REQUIRED WORK: Each line of the data below between the one containing "2008-2013 BMW E90" and the one containing "HLV Rob Edwards", both included, is to be repeated exactly. Please omit pictures.

DATA UNDER STUDY:
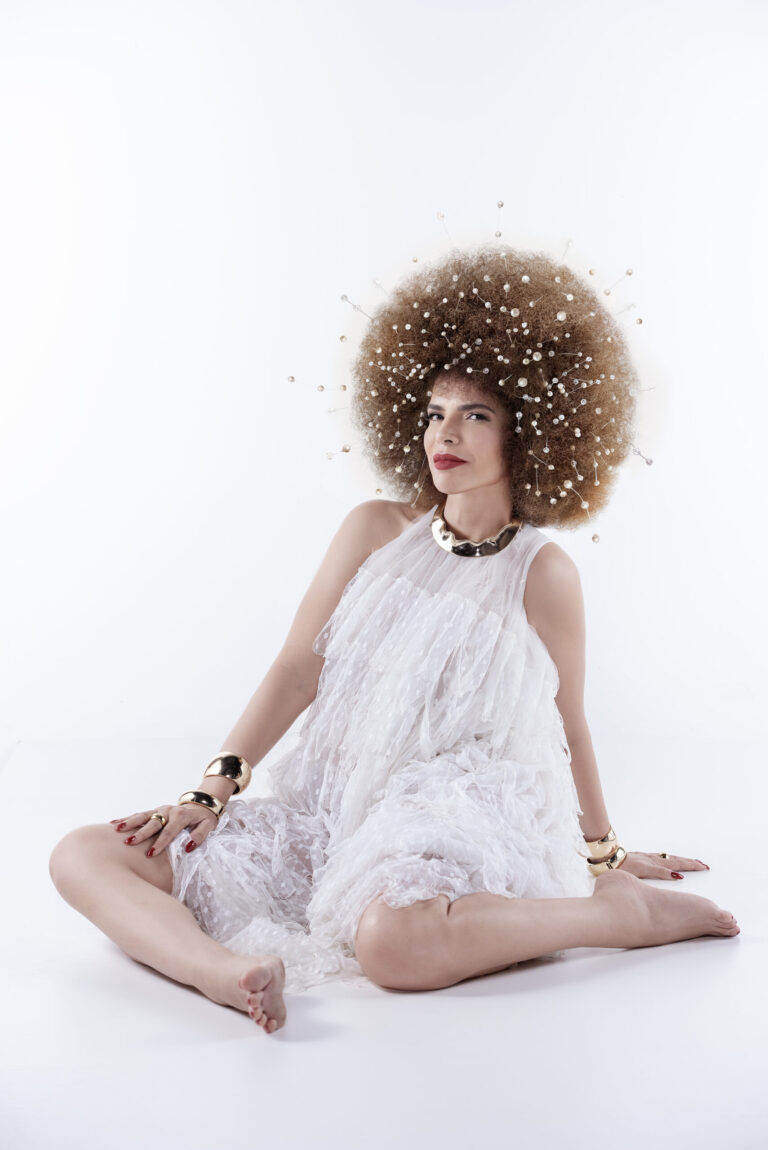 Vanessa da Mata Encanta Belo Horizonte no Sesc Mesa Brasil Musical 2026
--
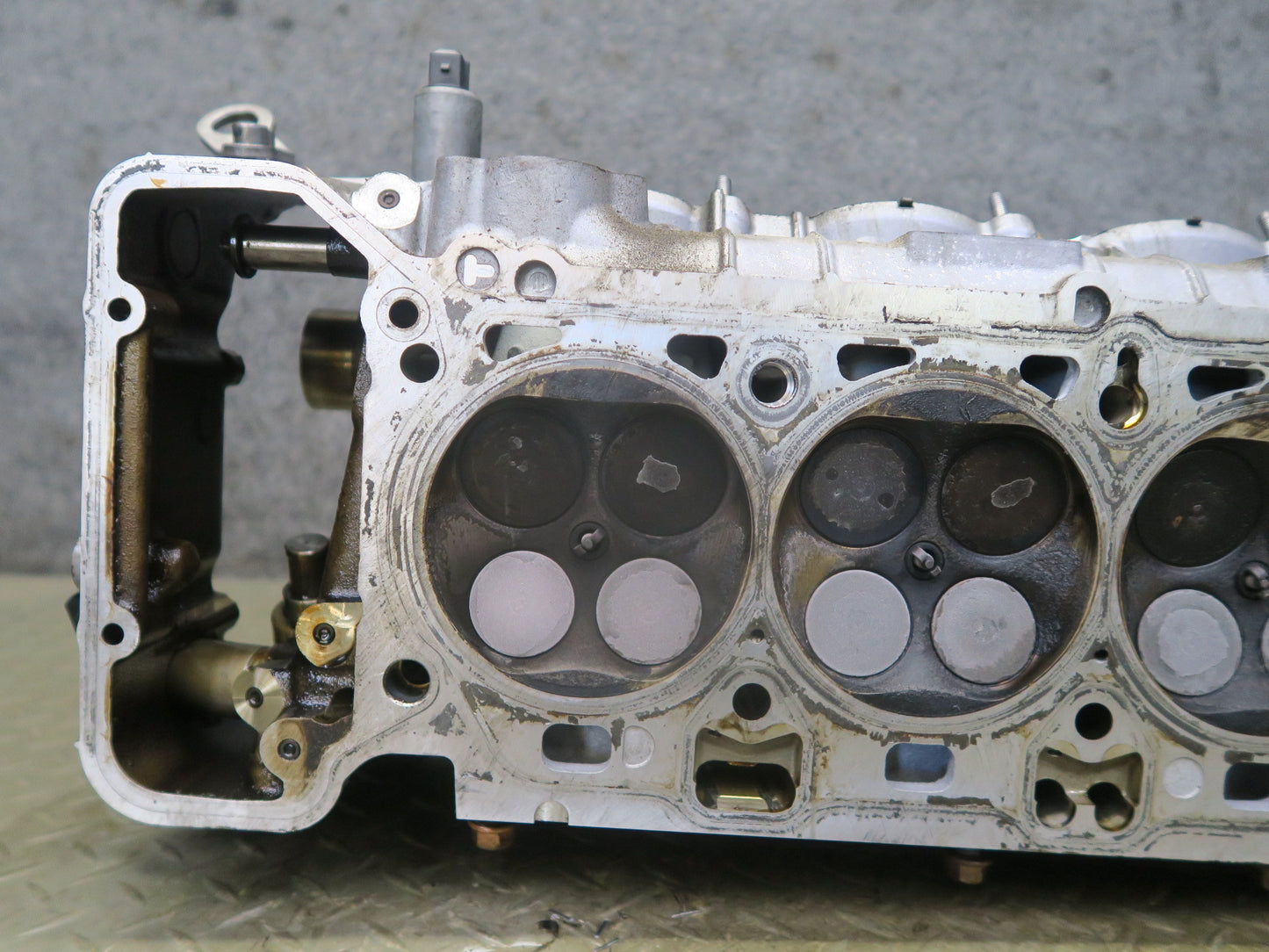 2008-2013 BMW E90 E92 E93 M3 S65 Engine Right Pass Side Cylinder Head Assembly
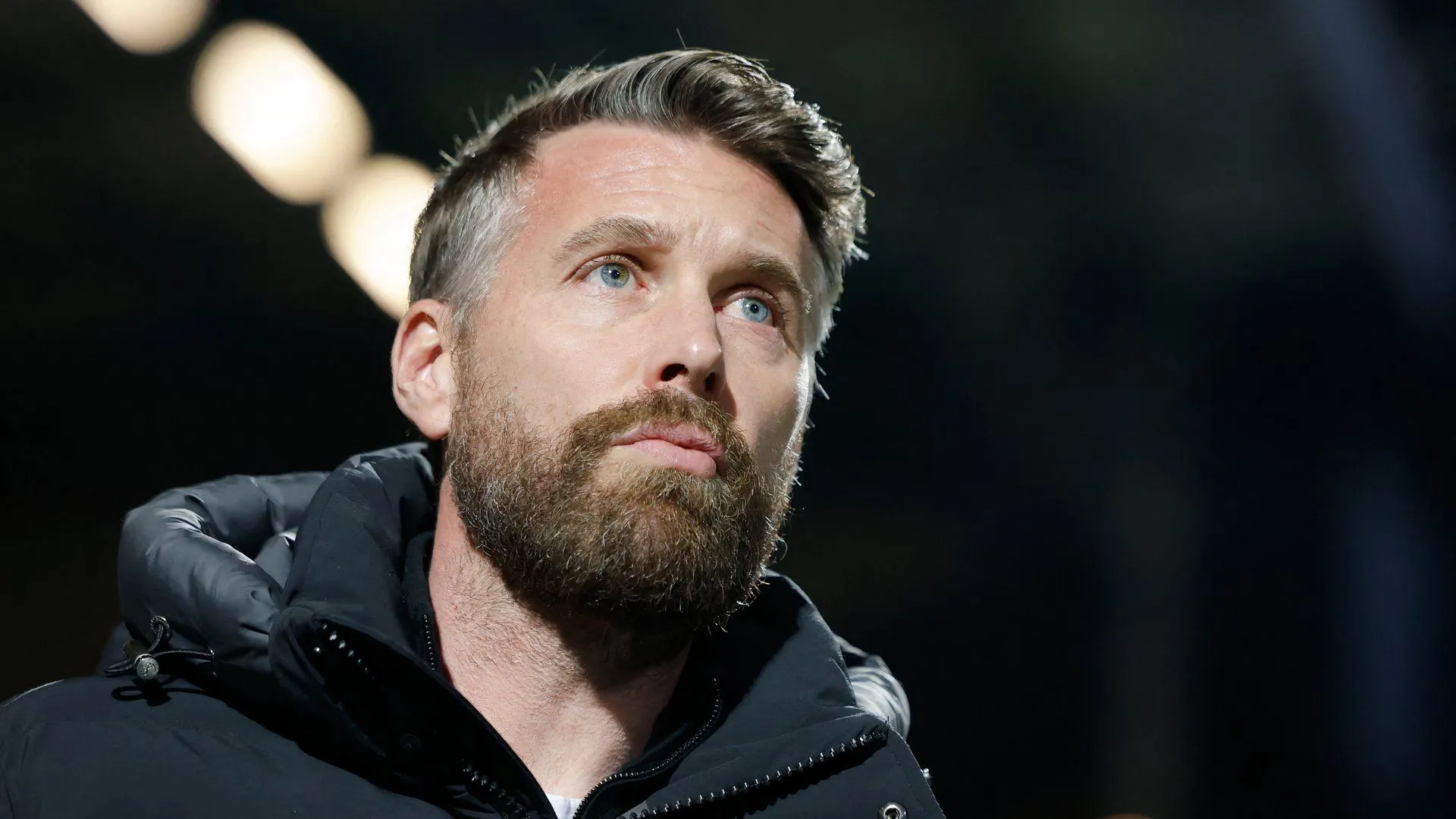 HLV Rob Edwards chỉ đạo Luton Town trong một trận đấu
--
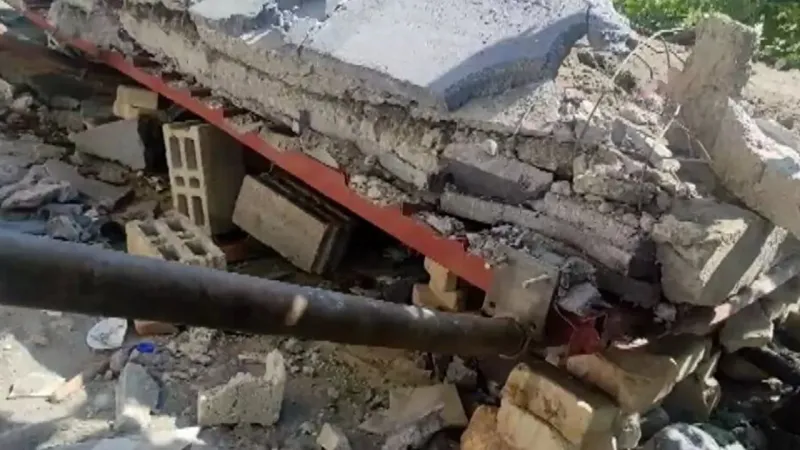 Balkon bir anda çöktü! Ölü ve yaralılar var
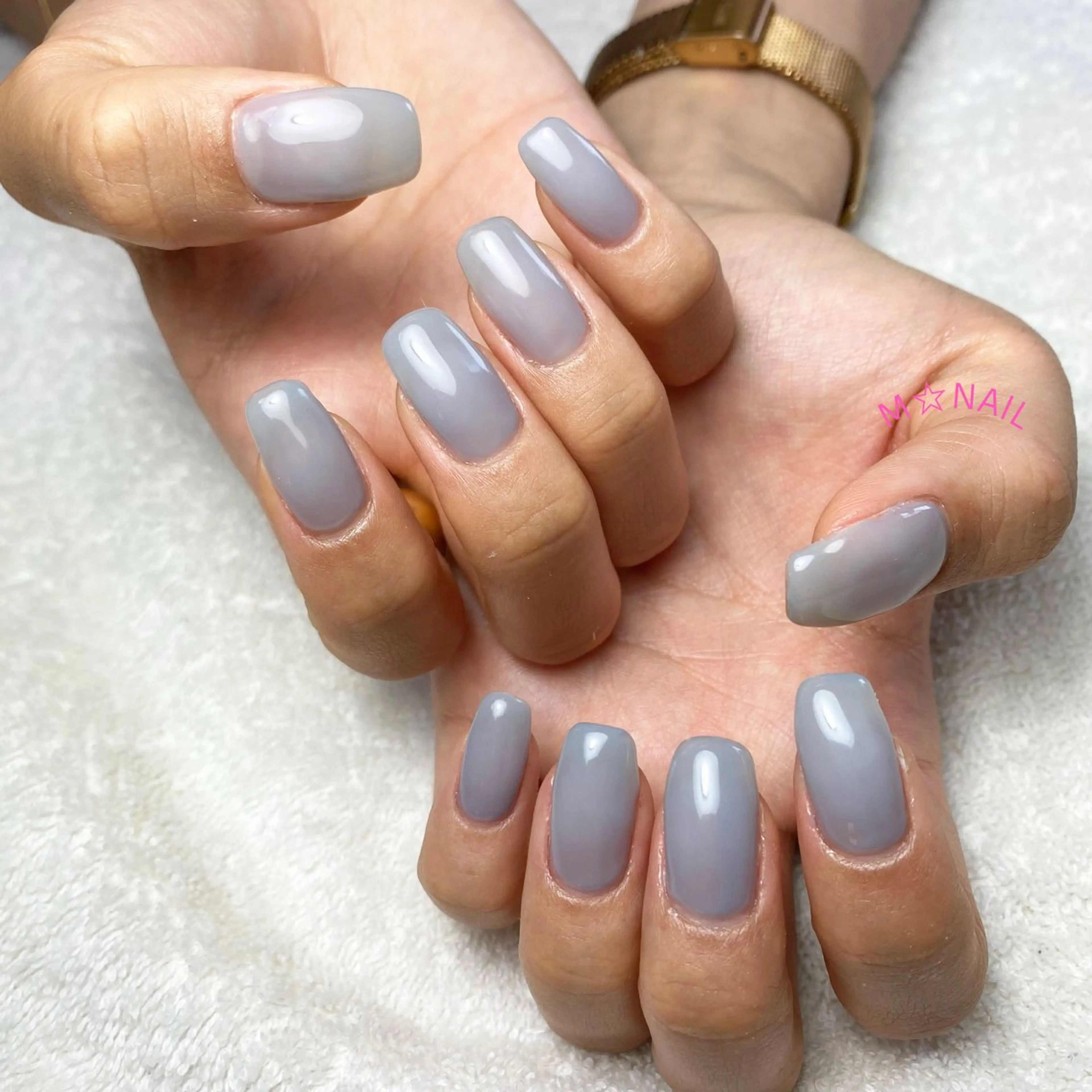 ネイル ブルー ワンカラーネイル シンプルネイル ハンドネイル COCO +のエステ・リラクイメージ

EXERCISE ANSWER:
 2008-2013 BMW E90 E92 E93 M3 S65 Engine Right Pass Side Cylinder Head Assembly
 HLV Rob Edwards chỉ đạo Luton Town trong một trận đấu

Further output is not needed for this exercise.